February 16: A Complex World, Simplified
Speaker: Justin Fitzpatrick
Abstract: The square root of -1 is a concept that most are at least familiar with. However, doing math with this number can sometimes seem like a mystical process, void of intuition. In this talk we will explore the complex numbers and their arithmetic by watching a series of movies that begins with map making and ends with fractals. You’ll be surprised how easy the transition will be!

March 2: How to Win at Monopoly… and Maybe Make a Billion Dollars
Speaker: Derek Bruff
Abstract: In the classic board game Monopoly, players take turns rolling dice, moving around the board, buying properties, and collecting rent from other players who land on their properties. All of the mechanics of the game are controlled by the dice roll except for one—players get to decide whether or not to buy the properties on which they land. So which properties should a player buy? Which properties are most landed on by other players? Which properties are most profitable? In this talk, we’ll see how to model the game of Monopoly using a few mathematical ideas that will help us answer those questions. We’ll also take a look at applications of those ideas in other settings—including the search algorithm the founders of Google used to become billionaires.

March 16: Fibonacci and the Golden Section
Speaker: Ayla Gafni
Abstract: The Fibonacci sequence is one of the most famous sequences in mathematics. Its terms are closely tied to the Golden Section, which the ancient Greeks found to be the proportion that creates the most aesthetically pleasing rectangle. In this talk, we will explore the life of Leonardo Fibonacci and some of the important contributions he made to mathematics as we know it. We will then look at the Fibonacci sequence, its relation to the Golden Section, and the importance of the Golden Section in nature, architecture, and art.

March 23: The Mathematics of Gerrymandering
Speaker: Emily Marshall
Abstract: The American Heritage Dictionary defines gerrymandering as the act of “dividing a geographic area into voting districts so as to give unfair advantage to one party.” The problem of gerrymandering has led to the development of several mathematical measures of shape compactness, some of which have been used in court cases to argue for or against the legality of congressional redistricting plans. In this talk, we will show how the notion of convexity can be used to detect irregularly shaped districts.
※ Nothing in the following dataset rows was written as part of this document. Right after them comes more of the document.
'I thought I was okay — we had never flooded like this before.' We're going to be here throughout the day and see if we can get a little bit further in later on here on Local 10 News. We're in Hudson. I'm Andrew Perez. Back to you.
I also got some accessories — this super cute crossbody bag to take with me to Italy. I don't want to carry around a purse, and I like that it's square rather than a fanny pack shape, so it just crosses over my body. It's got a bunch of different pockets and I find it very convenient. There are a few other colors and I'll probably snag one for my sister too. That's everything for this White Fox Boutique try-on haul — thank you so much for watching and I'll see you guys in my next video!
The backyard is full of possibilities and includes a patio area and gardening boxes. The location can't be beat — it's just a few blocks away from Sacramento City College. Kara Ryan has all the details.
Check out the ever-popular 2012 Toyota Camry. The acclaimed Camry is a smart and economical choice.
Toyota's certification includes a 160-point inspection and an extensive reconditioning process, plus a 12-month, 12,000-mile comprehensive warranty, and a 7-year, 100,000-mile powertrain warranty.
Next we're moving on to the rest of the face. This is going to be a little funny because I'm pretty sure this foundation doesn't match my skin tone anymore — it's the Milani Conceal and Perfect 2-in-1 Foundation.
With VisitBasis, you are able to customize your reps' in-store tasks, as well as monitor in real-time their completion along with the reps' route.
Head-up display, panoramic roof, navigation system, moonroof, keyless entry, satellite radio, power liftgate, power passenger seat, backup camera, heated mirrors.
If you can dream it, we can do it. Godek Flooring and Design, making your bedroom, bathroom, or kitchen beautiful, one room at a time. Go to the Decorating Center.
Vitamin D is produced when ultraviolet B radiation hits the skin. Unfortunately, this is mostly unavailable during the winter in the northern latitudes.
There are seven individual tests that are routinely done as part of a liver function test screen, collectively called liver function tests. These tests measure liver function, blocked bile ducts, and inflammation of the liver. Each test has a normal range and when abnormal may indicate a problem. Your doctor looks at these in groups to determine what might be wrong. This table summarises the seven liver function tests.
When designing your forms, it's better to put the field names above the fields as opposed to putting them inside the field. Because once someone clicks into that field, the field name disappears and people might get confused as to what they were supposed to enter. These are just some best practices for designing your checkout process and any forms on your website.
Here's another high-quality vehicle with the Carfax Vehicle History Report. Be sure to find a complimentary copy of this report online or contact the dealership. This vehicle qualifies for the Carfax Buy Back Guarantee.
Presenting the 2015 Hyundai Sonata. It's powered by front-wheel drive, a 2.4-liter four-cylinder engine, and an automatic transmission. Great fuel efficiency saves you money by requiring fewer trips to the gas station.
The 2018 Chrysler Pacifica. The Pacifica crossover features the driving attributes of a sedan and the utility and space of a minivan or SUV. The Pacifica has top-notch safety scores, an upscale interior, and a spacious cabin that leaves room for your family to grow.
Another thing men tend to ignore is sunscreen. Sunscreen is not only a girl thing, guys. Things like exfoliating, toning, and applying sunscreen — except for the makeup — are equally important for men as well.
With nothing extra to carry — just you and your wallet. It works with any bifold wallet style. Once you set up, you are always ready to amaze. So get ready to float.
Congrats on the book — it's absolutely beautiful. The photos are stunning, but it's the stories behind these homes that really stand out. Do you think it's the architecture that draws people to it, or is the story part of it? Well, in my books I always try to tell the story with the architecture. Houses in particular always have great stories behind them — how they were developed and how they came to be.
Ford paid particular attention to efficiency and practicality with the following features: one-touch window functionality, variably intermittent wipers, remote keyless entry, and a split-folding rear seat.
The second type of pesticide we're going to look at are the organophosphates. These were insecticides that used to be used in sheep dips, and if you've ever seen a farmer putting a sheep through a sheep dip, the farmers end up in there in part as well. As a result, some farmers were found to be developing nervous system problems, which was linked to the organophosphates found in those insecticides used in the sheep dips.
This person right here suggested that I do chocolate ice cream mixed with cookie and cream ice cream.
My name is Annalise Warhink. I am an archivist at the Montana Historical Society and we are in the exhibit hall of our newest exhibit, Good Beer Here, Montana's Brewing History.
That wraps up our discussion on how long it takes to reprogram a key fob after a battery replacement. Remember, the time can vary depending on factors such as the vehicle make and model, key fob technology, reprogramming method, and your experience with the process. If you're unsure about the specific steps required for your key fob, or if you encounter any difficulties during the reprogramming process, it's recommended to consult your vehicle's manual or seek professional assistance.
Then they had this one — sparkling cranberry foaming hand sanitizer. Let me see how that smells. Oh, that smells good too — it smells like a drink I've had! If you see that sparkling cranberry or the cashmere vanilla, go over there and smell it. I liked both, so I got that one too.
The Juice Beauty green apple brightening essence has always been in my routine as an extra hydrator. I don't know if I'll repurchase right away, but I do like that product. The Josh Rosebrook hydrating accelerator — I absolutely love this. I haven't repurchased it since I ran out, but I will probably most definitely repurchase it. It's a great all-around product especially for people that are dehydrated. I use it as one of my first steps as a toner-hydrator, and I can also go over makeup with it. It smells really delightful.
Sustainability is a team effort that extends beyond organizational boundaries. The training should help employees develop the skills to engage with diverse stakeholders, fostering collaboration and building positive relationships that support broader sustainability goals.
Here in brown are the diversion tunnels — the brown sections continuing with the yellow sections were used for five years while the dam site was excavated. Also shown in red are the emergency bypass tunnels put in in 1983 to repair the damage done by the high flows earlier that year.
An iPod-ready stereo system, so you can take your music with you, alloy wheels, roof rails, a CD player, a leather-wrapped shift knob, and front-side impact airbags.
We will explore both theoretical and empirical aspects of this convexity-based measure of shape compactness.

March 30: An Introduction to the Ontology of Mathematics
Speaker: Sam Nolen
Abstract: This is a philosophy talk in which I will consider a fundamental question in the philosophy of mathematics: “Do numbers, sets, and so on, exist?” A recurring theme will be the historical emergence of ideas about what mathematics is, from within mathematics itself. Due to personal biases, I will emphasize the perspective of the working mathematician.

April 6: Archimedes and Calculus: a look at Greek Mathematics
Speaker: Georgi Kapitanov
Abstract: Newton and Leibnitz are credited as inventors of calculus but the idea of finding the whole by approximating its parts was already known to Archimedes much earlier.For the first part of this talk we will look at early Greek mathematical ideas and give a proof of the Pythagorean theorem. Then we will concentrate on Archimedes and show how he used calculus ideas to prove the formula for the area of a circle.